More great pics of the youngsters!!! Keep them coming.. 
Here is a short video looking out the camp window my last trip down to the ranch. Can't wait to see who wins the hunt!
The youngster can expect to see this buck and several more while eating dinner around the camp fire.. Keep the guesses coming... Brett Holden


----------



## M Jones

Tristan age 15 guess 1970


----------



## charkfisherman

Kendall age 12 says 1009


----------



## Blue N' Brew

Katelyn Stone 1008

This is a picture last year of the donated hunt Brett did for the Toy Drive. 
We had a great experience. Everything was great and the deer are unbelievable.


----------



## jrabq

Neal (11) guesses 811, and thanks you.


----------



## broadonrod

More great pictures!!!! Keepum coming... Here are 2 old buck we tried to find last year. They could be nice again this year, we hunted them both with youth hunters last season just not very easy bucks to pattern and never gave opportunity while with the youngsters.* Keep the guesses rolling these are some great pictures! *Brett Holden


----------



## broadonrod

Blue N' Brew said:


> Katelyn Stone 1008
> 
> This is a picture last year of the donated hunt Brett did for the Toy Drive.
> We had a great experience. Everything was great and the deer are unbelievable.

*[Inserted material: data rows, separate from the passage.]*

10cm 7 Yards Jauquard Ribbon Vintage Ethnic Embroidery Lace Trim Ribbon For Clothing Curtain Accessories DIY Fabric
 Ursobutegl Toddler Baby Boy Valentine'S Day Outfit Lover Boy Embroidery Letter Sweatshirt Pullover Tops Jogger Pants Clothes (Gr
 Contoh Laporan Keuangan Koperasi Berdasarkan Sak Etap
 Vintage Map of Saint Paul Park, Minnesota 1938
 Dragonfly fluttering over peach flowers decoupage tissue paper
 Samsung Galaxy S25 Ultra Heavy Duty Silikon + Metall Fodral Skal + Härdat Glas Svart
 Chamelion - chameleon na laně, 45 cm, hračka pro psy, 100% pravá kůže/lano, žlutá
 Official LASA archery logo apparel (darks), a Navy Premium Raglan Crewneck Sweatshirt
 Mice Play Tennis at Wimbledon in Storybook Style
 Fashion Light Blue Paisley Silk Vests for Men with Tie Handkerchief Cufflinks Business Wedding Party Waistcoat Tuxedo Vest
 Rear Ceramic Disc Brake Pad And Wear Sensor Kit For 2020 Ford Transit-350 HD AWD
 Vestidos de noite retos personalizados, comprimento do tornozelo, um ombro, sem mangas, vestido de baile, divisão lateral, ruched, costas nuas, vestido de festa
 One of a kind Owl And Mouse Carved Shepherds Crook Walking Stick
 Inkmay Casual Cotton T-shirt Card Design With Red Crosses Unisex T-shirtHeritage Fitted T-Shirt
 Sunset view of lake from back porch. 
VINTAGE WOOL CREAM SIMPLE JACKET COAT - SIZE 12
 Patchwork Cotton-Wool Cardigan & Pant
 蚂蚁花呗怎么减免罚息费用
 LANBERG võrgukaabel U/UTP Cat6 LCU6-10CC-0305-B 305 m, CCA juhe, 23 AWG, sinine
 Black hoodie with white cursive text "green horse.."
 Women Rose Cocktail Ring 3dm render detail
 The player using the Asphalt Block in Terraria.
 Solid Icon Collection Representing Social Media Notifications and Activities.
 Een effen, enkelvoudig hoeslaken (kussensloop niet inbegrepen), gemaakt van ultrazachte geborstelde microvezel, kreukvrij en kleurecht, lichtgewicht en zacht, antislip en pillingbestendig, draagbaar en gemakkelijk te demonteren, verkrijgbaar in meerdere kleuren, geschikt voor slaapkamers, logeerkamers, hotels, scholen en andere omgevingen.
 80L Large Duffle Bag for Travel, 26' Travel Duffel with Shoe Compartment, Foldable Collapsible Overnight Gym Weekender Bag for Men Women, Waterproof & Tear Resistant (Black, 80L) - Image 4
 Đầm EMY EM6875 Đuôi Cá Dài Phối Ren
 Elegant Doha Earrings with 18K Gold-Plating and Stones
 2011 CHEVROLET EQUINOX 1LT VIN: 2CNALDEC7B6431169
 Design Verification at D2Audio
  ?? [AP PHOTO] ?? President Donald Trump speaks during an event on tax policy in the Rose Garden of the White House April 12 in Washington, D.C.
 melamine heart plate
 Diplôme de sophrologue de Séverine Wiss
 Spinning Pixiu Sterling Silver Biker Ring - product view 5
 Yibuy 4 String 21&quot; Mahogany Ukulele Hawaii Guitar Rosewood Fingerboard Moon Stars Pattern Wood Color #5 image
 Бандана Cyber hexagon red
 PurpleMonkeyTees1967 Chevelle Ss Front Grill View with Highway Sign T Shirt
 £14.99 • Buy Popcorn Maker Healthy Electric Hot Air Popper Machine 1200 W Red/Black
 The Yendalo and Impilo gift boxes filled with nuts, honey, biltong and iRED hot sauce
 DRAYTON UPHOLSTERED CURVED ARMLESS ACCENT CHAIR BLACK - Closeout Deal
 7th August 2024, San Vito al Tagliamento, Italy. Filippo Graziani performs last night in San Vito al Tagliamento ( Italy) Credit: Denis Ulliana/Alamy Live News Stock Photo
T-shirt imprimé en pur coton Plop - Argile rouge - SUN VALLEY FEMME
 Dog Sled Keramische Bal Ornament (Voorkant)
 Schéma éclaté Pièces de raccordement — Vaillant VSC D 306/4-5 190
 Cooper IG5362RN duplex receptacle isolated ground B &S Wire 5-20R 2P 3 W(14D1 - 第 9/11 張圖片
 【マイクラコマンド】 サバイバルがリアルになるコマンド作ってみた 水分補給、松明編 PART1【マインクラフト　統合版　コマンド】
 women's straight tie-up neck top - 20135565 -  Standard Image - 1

Looking forward to seeing y'all back down there this season! That young lady CAN SHOOT! Here are some more pics from that hunt. What a blast. I think her buck scored 143?

*I also posted earlier if the youngster that wins the hunt is already booked with us we will refund the deposit and keep the same date you have booked.* Brett Holden


----------



## mywifeshusband

Its totally awesome your work to get youngsters involved in hunting and the outdoors thanks Beau


----------



## ryanwolf

*Guess*

Lauren age 10 says 989
Chloe age 12 says 842


----------



## johnobrien1972

*this is 2cool*

Cody 2151
Caleb 2351


----------



## lapesca67

John, age 13, guesses 750


----------



## laguna24

Travis guesses 1263


----------



## TEX57

Logan guess is 1150 age 11


----------



## lapesca67

Samantha, age 10, guesses 843


----------



## Texas A&I Javs

Ross, 501


----------



## Texas A&I Javs

Ross, 501


----------



## CAT TALES

Looks like a bunch of kids will be biting their finger nails for the next 2 weeks!! A big thanks to Holden Roofing for doing this!!

Good luck everyone!!!


----------



## jgale

CAT TALES said:


> Looks like a bunch of kids will be biting their finger nails for the next 2 weeks!! A big thanks to Holden Roofing for doing this!!
> 
> Good luck everyone!!!


X2! What an awesome thread getting to see all the kids involved in the outdoors!


----------



## ToddyTrout

*Thanks for what you do for the kids!*

Todd, age 13 says 717
Tyler, age 13 says 736


----------



## broadonrod

Live from the stand! Found one this evening that fits a youth hunt .. This is a live picture and its getting late but a pretty nice 8 point.we may be looking for this buck with our 2cool youngster  ( he is the buck in front) this deer will prob field dress over 200 lbs.. What a monster bodied deer! Keep the guesses coming! Can't wait to see who wins! Brett Holden


----------



## broadonrod

Here is another pic of this management buck and a nice 15 point that just walked in.. Live pics.


----------



## nate56

Man that first pic is a hoss...it looks like He's been laying under the corn feeder this whole year...


----------



## papotanic36

*Caleb Platt guess #2015*


----------



## Ray man

*Youth hunt guess*

Ray man says 1021!!!
Kye his brother says 1051!!


----------



## salth2o

Noah says his guess is 1000.









Sent from my iPhone using Tapatalk - now Free


----------



## broadonrod

More great pictures of the youngsters! Keep the guesses coming! Here is a picture from this evening of a nice triple drop tine buck here on the ranch. Can't wait to see which youngster we will have down here in a couple of weeks. We have lots of management deer to take this year and we are all looking forward to try and get our lucky winner on the buck of a lifetime... Keepum coming.. Brett Holden


----------



## broadonrod

I'm going threw some trail cam pics now looking for management bucks. Here's a couple nice bucks from this stand. These are not the management deer but a couple you can possibly get to see on the hunt so who ever wins the hunt make sure the mom or dad brings a camera!


----------



## deerslayer64d

Great pics as Usual Brett !! I always enjoy your threads thanks for Sharing!


----------



## capttravis

Great pics! Going to be exciting seeing which youngster ends up winning!!


----------



## onecull

callan says 3252


----------



## SSST

You gotta love those big ole typical deer, no crazy stuff growing off everywhere, just big and massive. Thanks for the pics!


----------



## jgale

I just caught up and it looks like we have got some talented outdoor loving youth here on 2cool! What a great idea to post pics of the kids!


----------



## En Fuego

Brett - you prove, yet again, what a first class guy you are for offering these kids the hunt of a lifetime. 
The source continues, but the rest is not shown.